El estado es la manera histórica de la burguesía para organizar sus instituciones, su expresión delante de la población es el gobierno, es su comité ejecutivo; en casi todo el mundo, por las condiciones concretas del desarrollo social y político, se hace preciso una intermediación que de una estabilidad de la que la burguesía careció: es el régimen político. La forma concreta en cada estado en la que la burguesía organiza su dominación.

 

Todo estado burgués tiene tres instituciones básicas, el gobierno, el ejército y el poder judicial, no el parlamento, que hace parte de la democracia burguesa, no de las dictaduras militares y mucho menos de las fascistas.
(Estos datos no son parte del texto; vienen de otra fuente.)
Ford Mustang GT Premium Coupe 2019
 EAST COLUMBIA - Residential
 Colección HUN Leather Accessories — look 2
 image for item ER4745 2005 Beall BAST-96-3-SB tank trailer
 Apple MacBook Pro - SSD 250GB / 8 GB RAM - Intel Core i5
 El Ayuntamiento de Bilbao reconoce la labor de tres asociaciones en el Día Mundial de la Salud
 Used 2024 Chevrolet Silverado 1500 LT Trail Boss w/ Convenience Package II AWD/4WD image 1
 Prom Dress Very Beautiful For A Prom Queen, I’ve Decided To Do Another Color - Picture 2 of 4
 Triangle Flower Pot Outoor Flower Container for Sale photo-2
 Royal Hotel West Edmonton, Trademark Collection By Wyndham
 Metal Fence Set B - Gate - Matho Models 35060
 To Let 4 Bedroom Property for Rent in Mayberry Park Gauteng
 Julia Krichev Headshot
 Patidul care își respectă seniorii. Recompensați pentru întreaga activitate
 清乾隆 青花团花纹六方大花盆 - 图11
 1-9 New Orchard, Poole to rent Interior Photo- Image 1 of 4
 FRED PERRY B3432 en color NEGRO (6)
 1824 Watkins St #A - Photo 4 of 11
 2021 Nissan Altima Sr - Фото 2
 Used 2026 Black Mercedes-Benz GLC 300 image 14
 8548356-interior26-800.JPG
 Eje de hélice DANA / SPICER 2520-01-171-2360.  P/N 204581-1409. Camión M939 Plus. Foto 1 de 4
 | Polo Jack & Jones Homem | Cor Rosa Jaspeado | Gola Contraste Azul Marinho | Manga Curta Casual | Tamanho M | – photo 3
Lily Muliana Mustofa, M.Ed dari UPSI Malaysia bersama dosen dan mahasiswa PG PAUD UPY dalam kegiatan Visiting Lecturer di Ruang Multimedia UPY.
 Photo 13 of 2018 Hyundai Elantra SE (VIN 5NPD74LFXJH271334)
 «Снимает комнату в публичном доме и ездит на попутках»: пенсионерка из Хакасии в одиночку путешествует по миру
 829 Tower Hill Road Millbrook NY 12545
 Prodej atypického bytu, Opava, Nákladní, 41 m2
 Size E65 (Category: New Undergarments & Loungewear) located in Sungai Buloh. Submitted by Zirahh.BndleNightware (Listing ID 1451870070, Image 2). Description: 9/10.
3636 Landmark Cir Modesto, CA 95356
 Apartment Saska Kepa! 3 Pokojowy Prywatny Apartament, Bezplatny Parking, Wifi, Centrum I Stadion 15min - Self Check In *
La forma en la que se combinan y toman preeminencia cada una de estas instituciones, incluido el parlamento en su caso, constituyen el régimen concreto de cada Estado, la forma de dominación en un momento histórico dado de la burguesía frente el trabajo.

 

Por su conformación histórica -nacieron como burgueses sin tener que destruir o pactar con las estructuras sociales feudales, con el genocidio de los nativos americanos «le llegó»-, los EE UU no precisan del reaseguro del régimen político (monarquía, dictadura, república) interpuesto entre estado y gobierno, sino que estado y régimen se confunde; por eso son la forma más pura y estable de democracia burguesa. En contra, en los estados europeos conviven el Jefe del Estado (presidente, rey) con el Primer Ministro, solapando instituciones ejecutivas para garantizar una estabilidad que a lo largo del siglo XX rompió en demasiadas ocasiones: Francia va por la Vª república, Alemania pasó de la república de Weimar al fascismo, después la República Federal y ahora a la reunificación, Italia pasó de la monarquía al fascismo, para llegar al Pentapartito y ahora este régimen «inclasificable» que genera un Berlusconi; el Estado Español fue de la restauración monárquica a la dictadura, después la república que le siguió una dictadura y remató con una otra restauración monárquica. Y todo trufado por ascensos revolucionarios de la clase trabajadora.

 

Esto hace que en cada estado el régimen concreto exprese una forma particular de organizar las instituciones que garantizan la relación capital/trabajo; de esto se deduce que las políticas y los programas cambian, adecuándose a cada situación en particular. La lucha política tiene que resumir y sintetizar la lucha social, de la clase trabajadora y los oprimidos, en un momento preciso. Esto es lo que significa, ni más ni menos, la exigencia leninista de «análisis concreto de la realidad concreta».

 

La derrota de la clase social burguesa, y lucha por el poder, no se da en abstracto, no es un hecho intelectual, sino en la lucha concreta del día a día. Eso pone en el deber de precisar cuáles son las líneas de fuerza de cada organización estatal que permita a la clase trabajadora y a los oprimidos avanzar en el camino de la destrucción de las instituciones políticas de la burguesía, el estado/régimen y los gobiernos, y construir sus instituciones revolucionarias.